[[ MATERIAL TO PROCESS open ]]

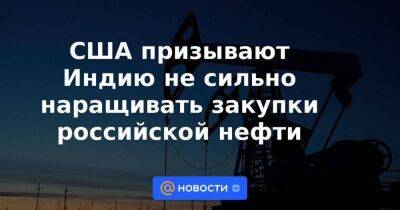 США призывают Индию не сильно наращивать закупки российской нефти - smartmoney.one - Россия - Китай - США - Украина - Вашингтон - Индия - Нью-Дели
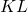 K L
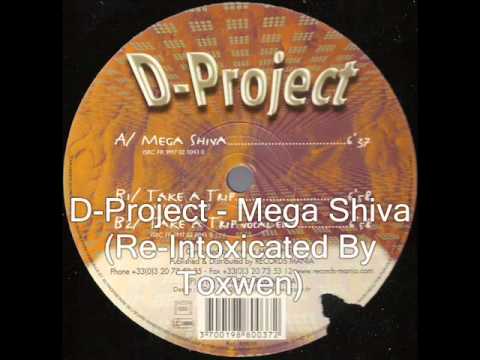 D-Project - Mega Shiva (Re-Intoxicated By Toxwen)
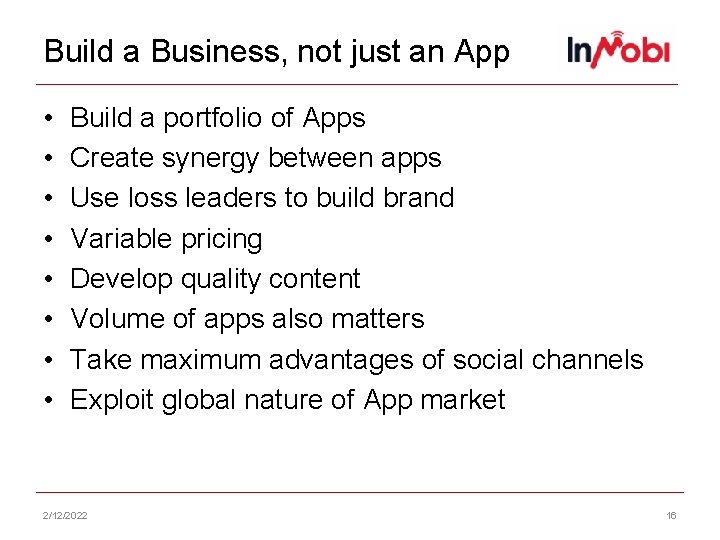 Build a Business, not just an App • • Build a portfolio of Apps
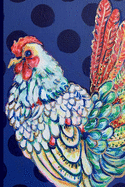 "Bernadette" by Jennifer Moreman: Colorful Chicken Lined 6x9" Notebook by Artist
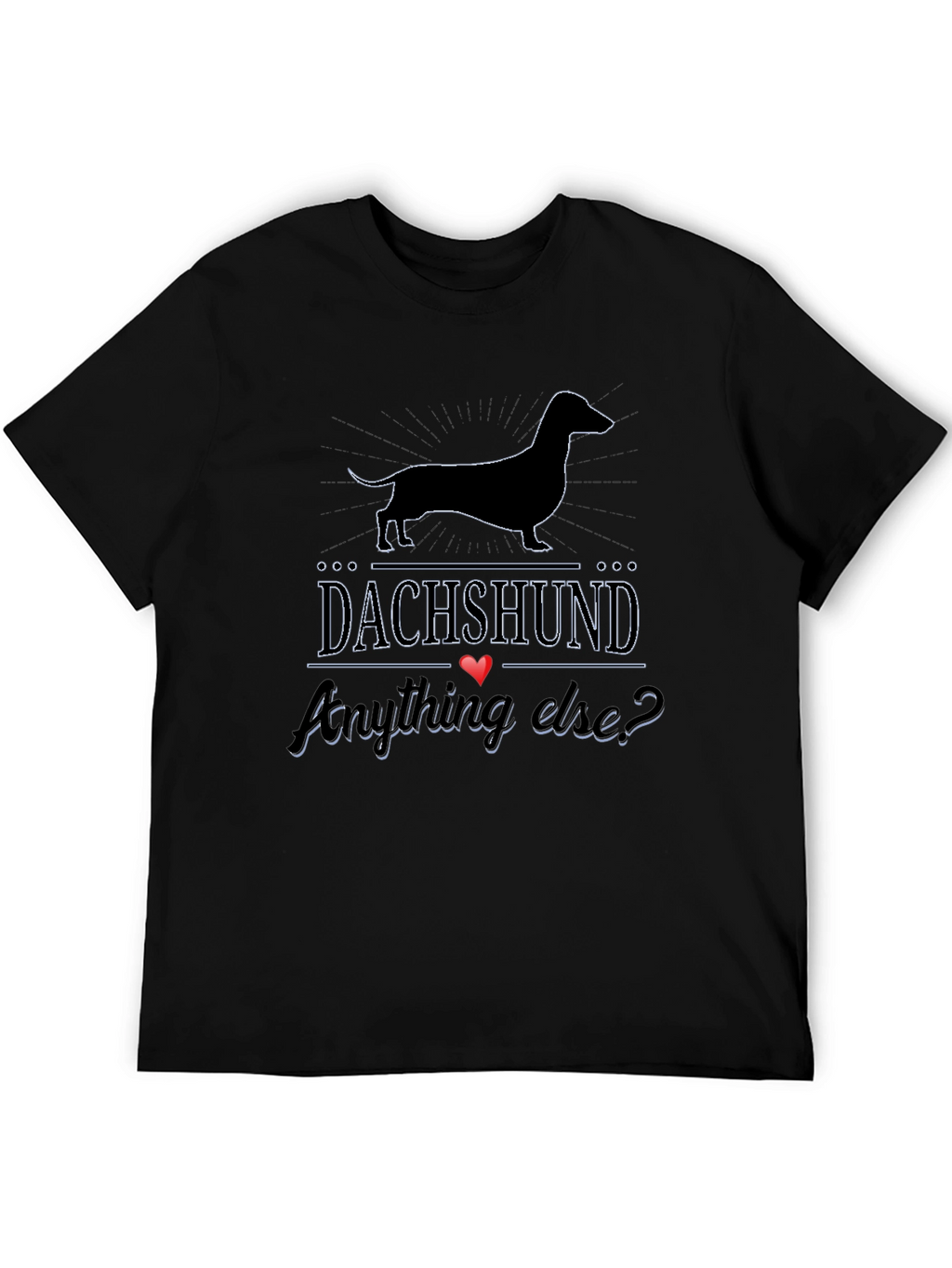 Dachshund Anything Else? T-Shirt - Black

[[ MATERIAL TO PROCESS closed ]]

WHAT YOU SHOULD DO. Write every line above out again exactly; pictures do not belong in the copy.

SOLUTION.
 США призывают Индию не сильно наращивать закупки российской нефти - smartmoney.one - Россия - Китай - США - Украина - Вашингтон - Индия - Нью-Дели
 K L
 D-Project - Mega Shiva (Re-Intoxicated By Toxwen)
 Build a Business, not just an App • • Build a portfolio of Apps
 "Bernadette" by Jennifer Moreman: Colorful Chicken Lined 6x9" Notebook by Artist
 Dachshund Anything Else? T-Shirt - Black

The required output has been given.